And from my Canadian military history dates database, I can add the following:

January 15, 1919 - The advance party of 6 Signal Company, Canadian Engineers, arrives in Vladivostok Russia as part of the multinational Siberian Expeditionary Force.

June 5, 1919 - Last troops of the Canadian Siberian Expeditionary Force depart Vladivostok, having taken part in no military actions in seven months.


----------



## winchable (11 Dec 2003)

Lol. Muskrat I wasn‘t going for controversy for once.
I thought you wanted some research info, sorry.
I‘ll do some reading up on it and come back.It‘s been a few years since I‘ve had to think about this subject.


----------



## Danjanou (12 Dec 2003)

I can‘t remember for sure, but I believe we also supplied some forces to the British/American contingent that landed at Murmansk and Archangel too?
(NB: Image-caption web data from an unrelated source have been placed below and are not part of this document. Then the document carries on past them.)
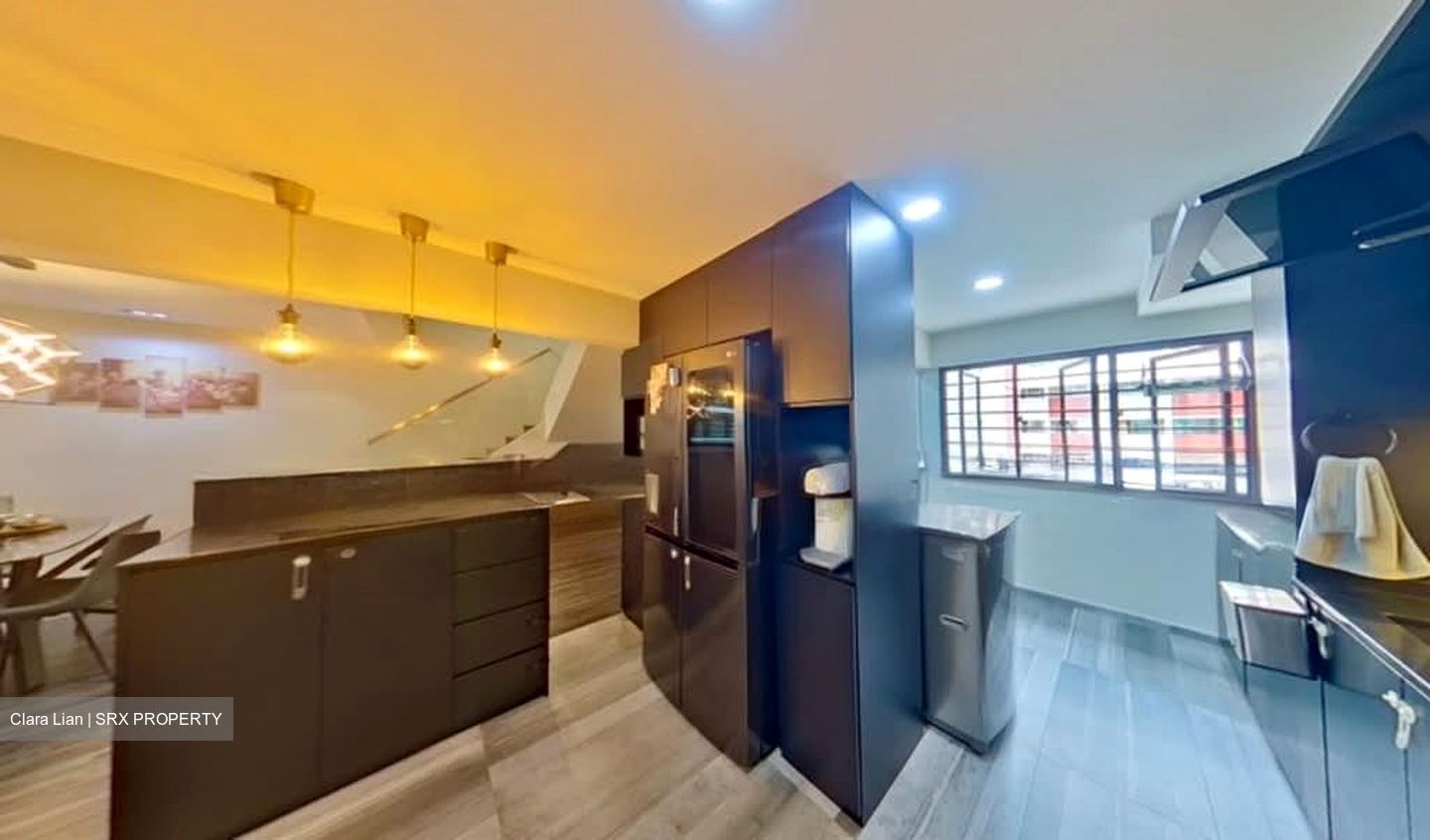 Blk 556 Jurong West Street 42 (Jurong West), HDB Executive #557961821
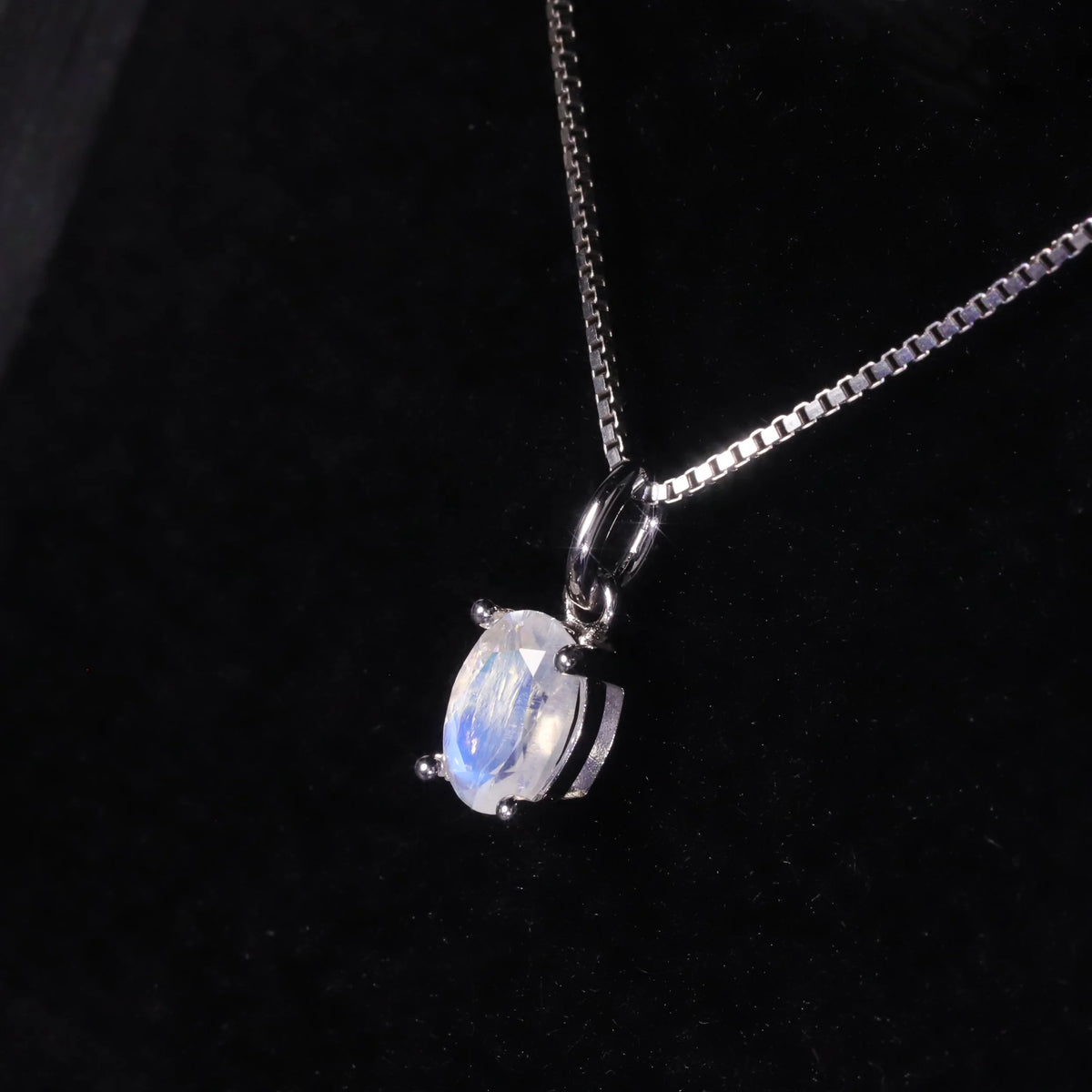 ArtistA O90B Abiding Classic Minimalist Oval 5X7MM Natural Faceted Gemstone Rainbow Moonstone 925 Silver Solitaire Pendant Necklaces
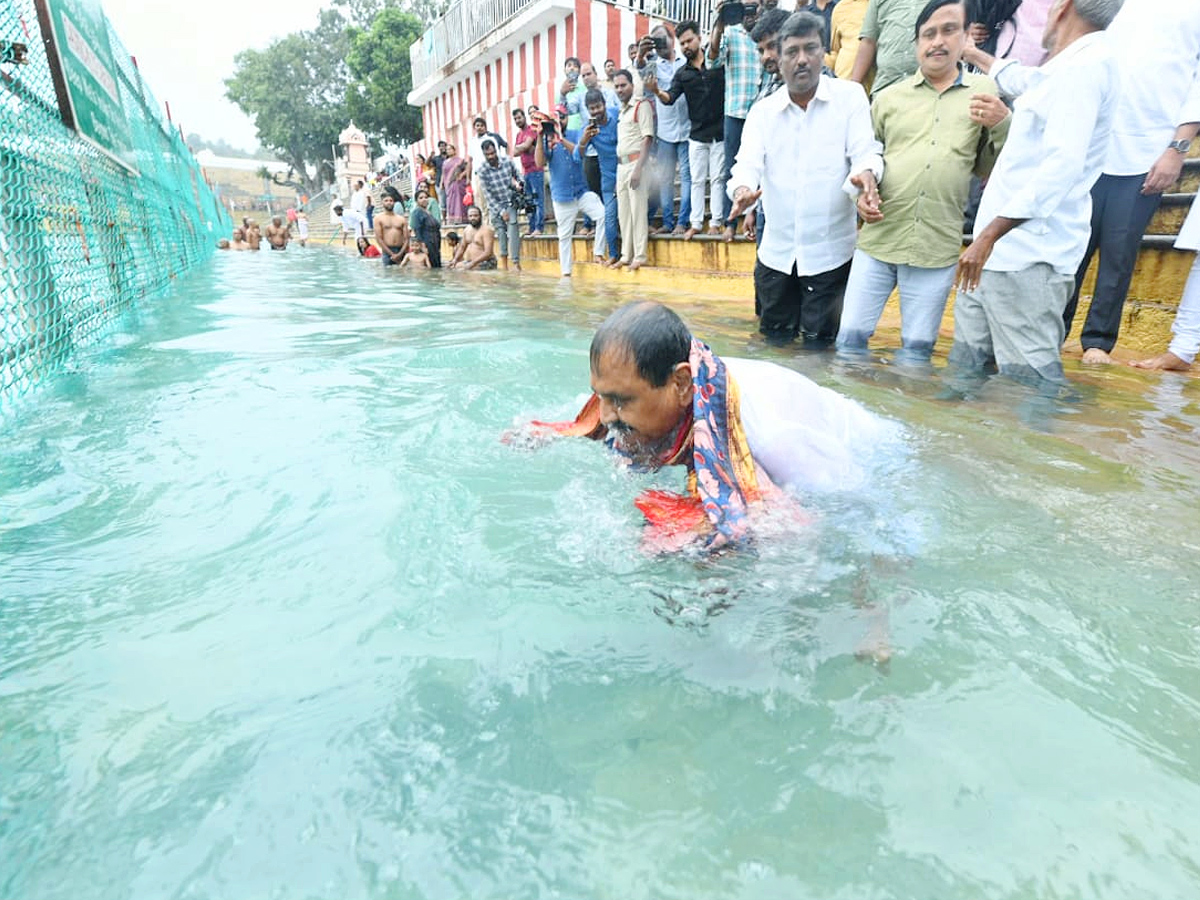 Bhumana Karunakar Reddy Took Oath In Tirumala for Laddu Controversy Photos6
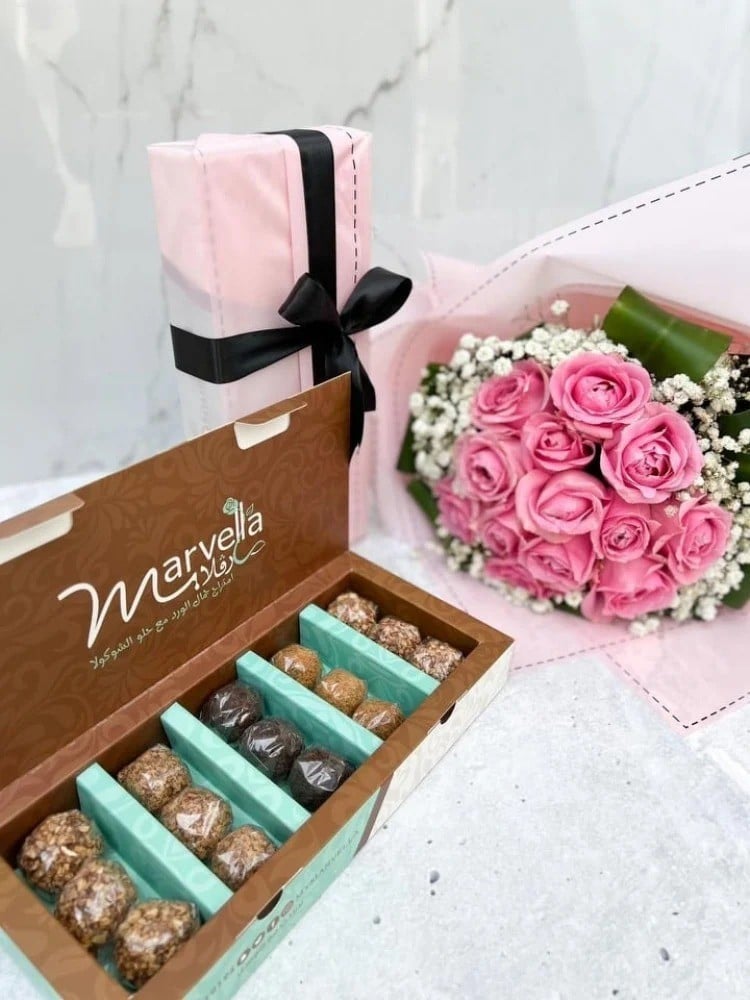 باقة ورد مع شوكولاتة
Artillery perhaps?

Che that sound right


----------



## Ian (12 Dec 2003)

Good day,

There is some official history on the Directorate of History and Heritage website, AHQ Reports 82 & 83 pertain to Northern Russia and Siberia - the Siberian one is particularly interesting, and gives a good overview (however biased).

The URL is:  AHQ Reports 

There‘s actually quite a bit of interesting historical information in the DHH webpages.

Have a great day.


----------